Даша чувствовала, как он впускает в нее иголочки. В его словах была затягивающая мука…

– Теперь я только расплескаю драгоценное вино. Вы должны понять, чего мне это стоит. Протянуть руку и взять…

– Нет, нет, – быстро прошептала Даша.

– Нет, да. И вы это чувствуете. Нет слаще греха, чем расточение. Расплескать. За этим вы и пришли ко мне. Расплескать чашу девичьего вина… Вы принесли ее мне…

Он медленно зажмурился. Даша, не дыша, с ужасом глядела в его лицо.

– Дарья Дмитриевна, позвольте мне быть откровенным. Вы так похожи на вашу сестру, что в первую минуту…

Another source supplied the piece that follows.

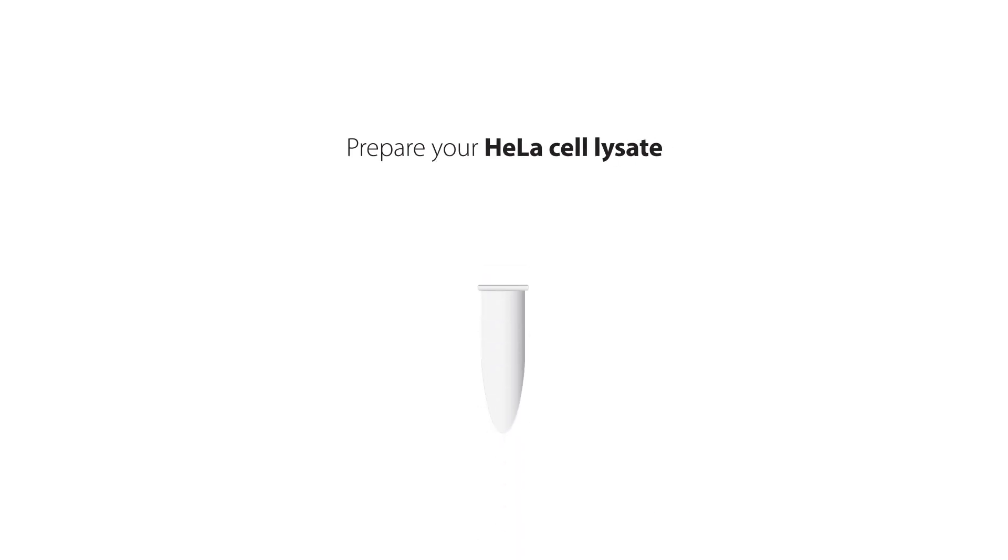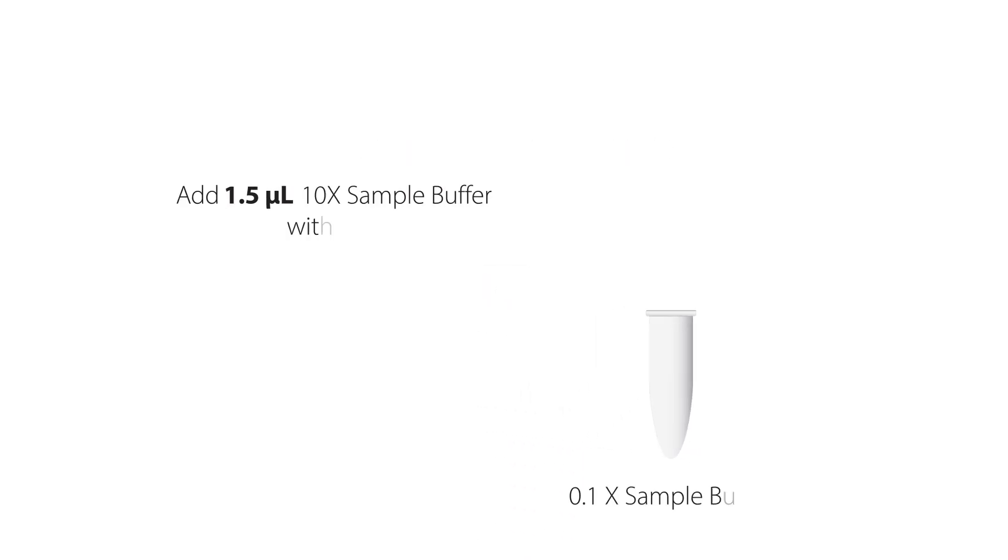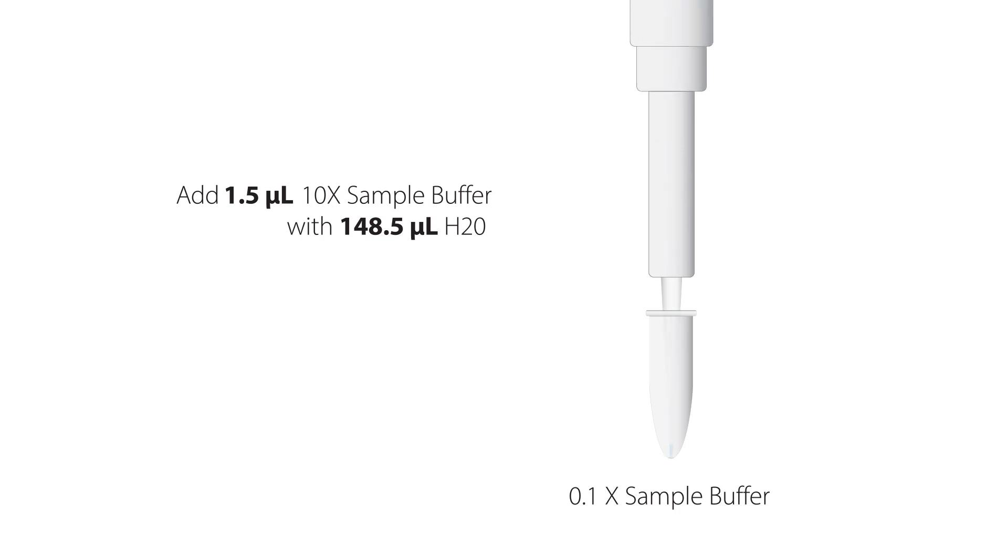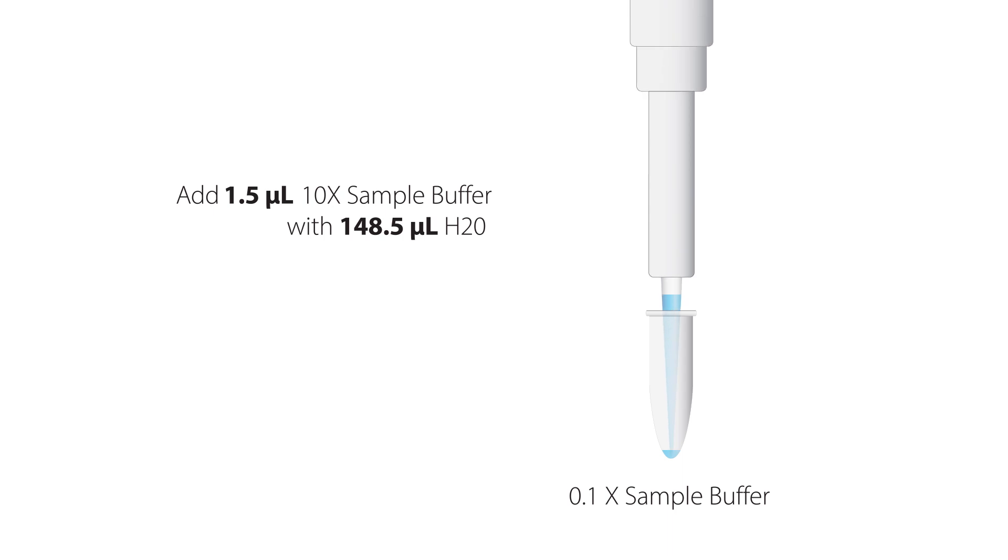Prepare the HeLa cell lysate. Prepare 0.1x sample buffer by adding 1.5 microliters of 10x sample buffer and 148.5 microliters of deionized water. Mix by pipetting up and down.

– Что? – крикнула Даша. – Что вы сказали?

Она сорвалась с кресла и остановилась перед ним. Бессонов не понял и не так истолковал это волнение. Он чувствовал, что теряет голову. Его ноздри вдыхали благоухание духов и тот почти неуловимый, но оглушающий и различный для каждого запах женской кожи.

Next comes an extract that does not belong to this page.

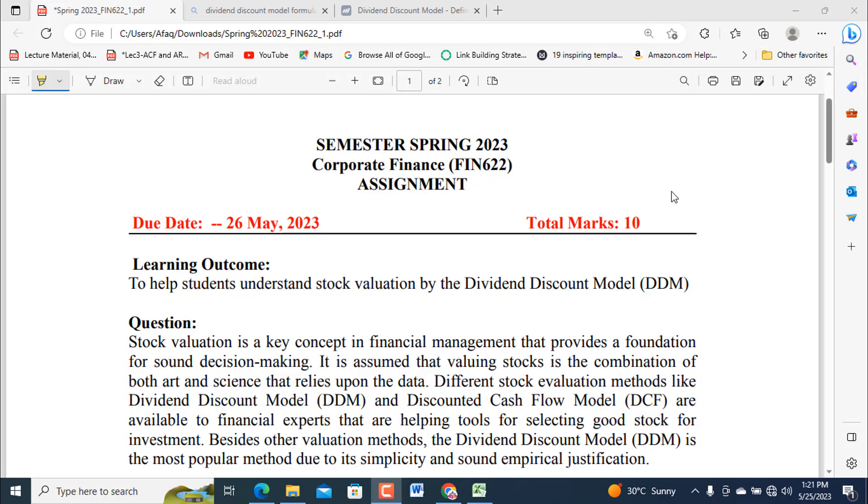Bismillahirrahmanirrahim, Assalamu Alaikum dear students and viewers. Welcome to my YouTube channel DV Learner Points. In this video we are going to cover the solution of an assignment which is related to Corporate Finance Spring 622, and further it is a part of semester Spring 2023 which is held under the examination system of Graduate University. It has total marks 10.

– Это сумасшествие… Я знаю… Я не могу… – прошептал он, отыскивая ее руку. Но Даша рванулась и побежала. На пороге оглянулась дикими глазами и скрылась. Сильно хлопнула парадная дверь. Бессонов медленно подошел к столу и застучал ногтями по хрустальной коробочке, беря папиросу. Потом сжал ладонью глаза и со всей ужасающей силой воображения почувствовал, что Белый орден, готовящийся к решительной борьбе, послал к нему эту пылкую, нежную и соблазнительную девушку, чтобы привлечь его, обратить и спасти. Но он уже безнадежно в руках Черных, и теперь спасения нет. Медленно, как яд, текущий в крови, разжигали его неутоленная жадность и сожаление.

8

– Даша, это ты? Можно. Войди.

Екатерина Дмитриевна стояла перед зеркальным шкафом, затягивая корсет. Даше она улыбнулась рассеянно и продолжала деловито повертываться, переступая на ковре тугими туфельками. На ней было легкое белье, в ленточках и кружевцах, красивые руки и плечи напудрены, волосы причесаны пышной короной. Около, на низеньком столике, стояла чашка с горячей водой; повсюду – ножницы для ногтей, пилочки, карандашики, пуховки. Сегодня был пустой вечер, и Екатерина Дмитриевна «чистила перышки», как это называлось дома.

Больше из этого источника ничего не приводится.